Robert Ulrich So in addition, the people who do it on a regular basis turns out to be 4%. And that's kind of not a good number because, you know, you want to protect your data. It is important. And mistakes can happen. Things can get deleted and, you know, hardware can crash.

Why don't people backup today? Well, a lot of the reasons, there's many reasons, here's a few of them. Existing solutions can be intimidating to set up, they have a lot of options, you see huge lists of files and you don't know which ones you really need to backup and which ones you don't.

It doesn't happen for you automatically, so it's not just part of your life, it's something you have to think to do. It's not convenient, you know, because you've got to remember when to do it and you've got to have, you know, set everything up to do it at that time. And it can be really hard to find those files later when you do actually need them, you know, you're fumbling through different disks, you know, you don't know where it's at and it can be very difficult.

So we've tried to make things really simple, that's kind of a goal. So the main design goals we have are shown here. We want it to be really simple to configure, integrated with the system and just part of your life, automated so that it just happens for you, you don't have to think about it, very convenient to access your data and get to those files later, and compatible with the system. with the system you use today, not something that's hacked on.

So here's what we did to tackle the configuration. Some of you who've hopefully installed Leopard by now and tried it, you've probably seen this. But we think we did a pretty good job of making things really simple to configure. Because in fact, all you need to do in order to run Time Machine is simply select a disk and flip the switch.

And then you're running Time Machine. So that hopefully will encourage plenty of people to do it that are not doing today. And of course, one of the major features of Time Machine is the integration with the system. We're fully integrated with the Finder. Hopefully you've already seen the Time Machine browser, and we think this is really, really a leap forward in terms of how to interact with backup data.

In addition, we're fully integrated with the installer. And we think this is another really important thing.

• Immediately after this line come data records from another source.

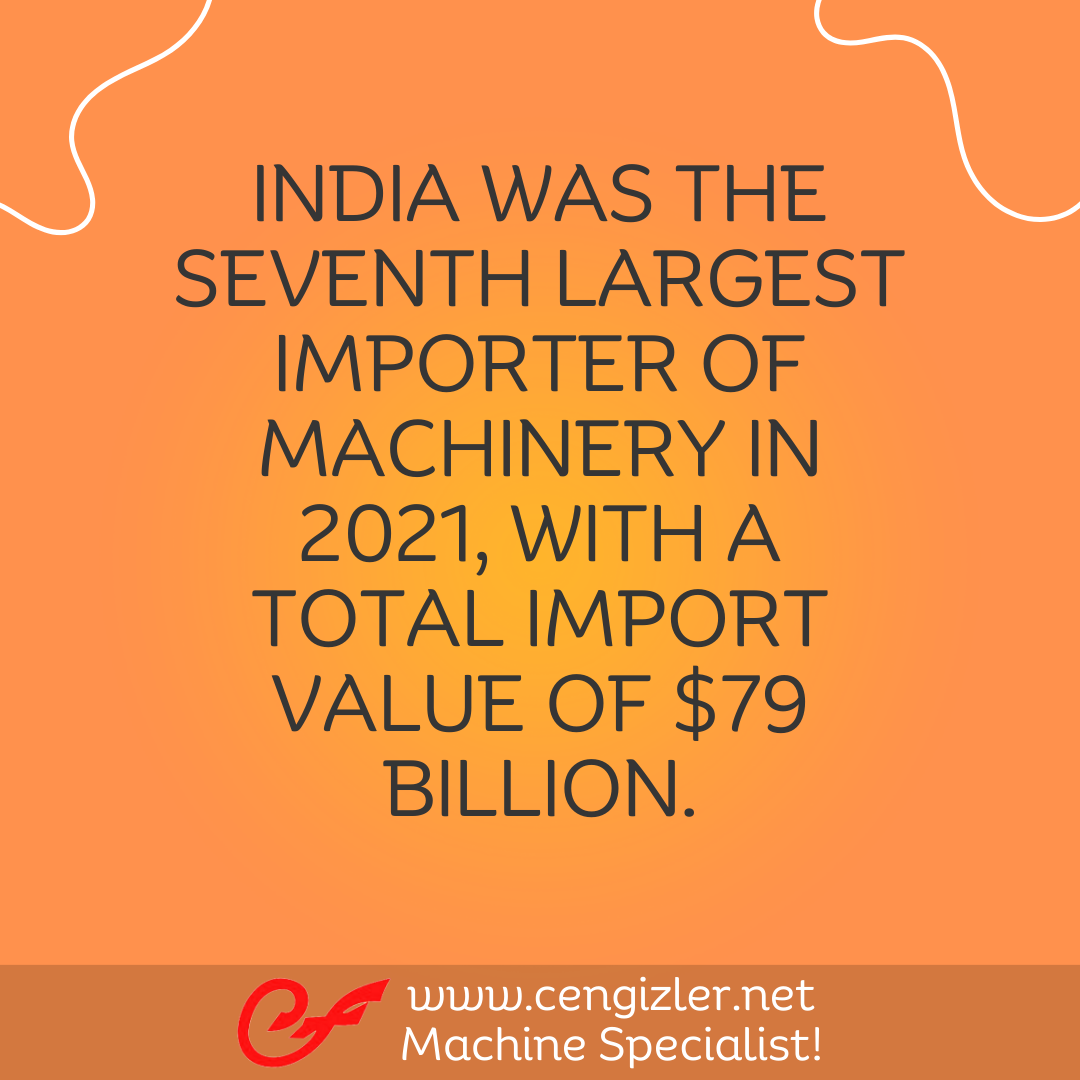 8 India was the seventh largest importer of machinery in 2021, with a total import value of $79 billion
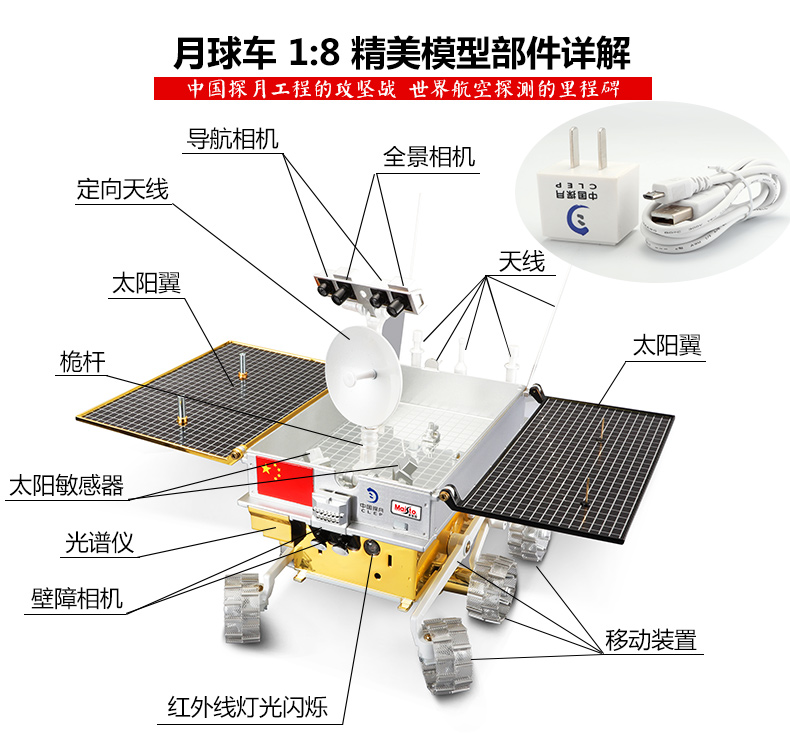 航天飞机载人火箭返回舱太空科普模型 月球车地球仪 儿童益智玩具 - 图2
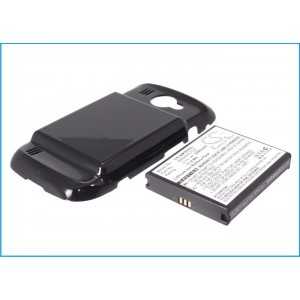 Batterie Samsung AB944757GZ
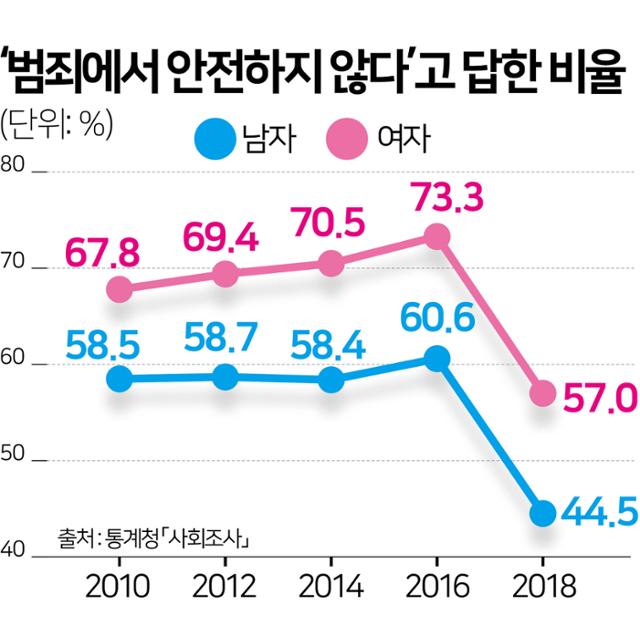 2010년에서 2018년까지 성별에 따라 ‘범죄에서 안전하지 않다’고 답한 비율. 여성이 남성보다 범죄의 대상이 될 것에 대한 불안을 더 크게 느끼고 있다는 점을 확인할 수 있다. 통계청 사회조사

So when you go to do an install, we've been telling people for years, before you install your machine, go out and back up your data. And nobody does it, because they don't know how. So today, now we can say, go out there and back up your data before you do an install. And just offer them a check box that says, back up my data for me. And it just happens.

And then in addition, on the other side, you can also, when you go to install a new system, you can choose to install it directly from a backup, which is really nice. It's automated. By default, everything is backed up. And it just happens once per day. And in addition, we maintain rolling backups for the last couple of hours. And I'll get into that in a couple of slides why that's useful and important.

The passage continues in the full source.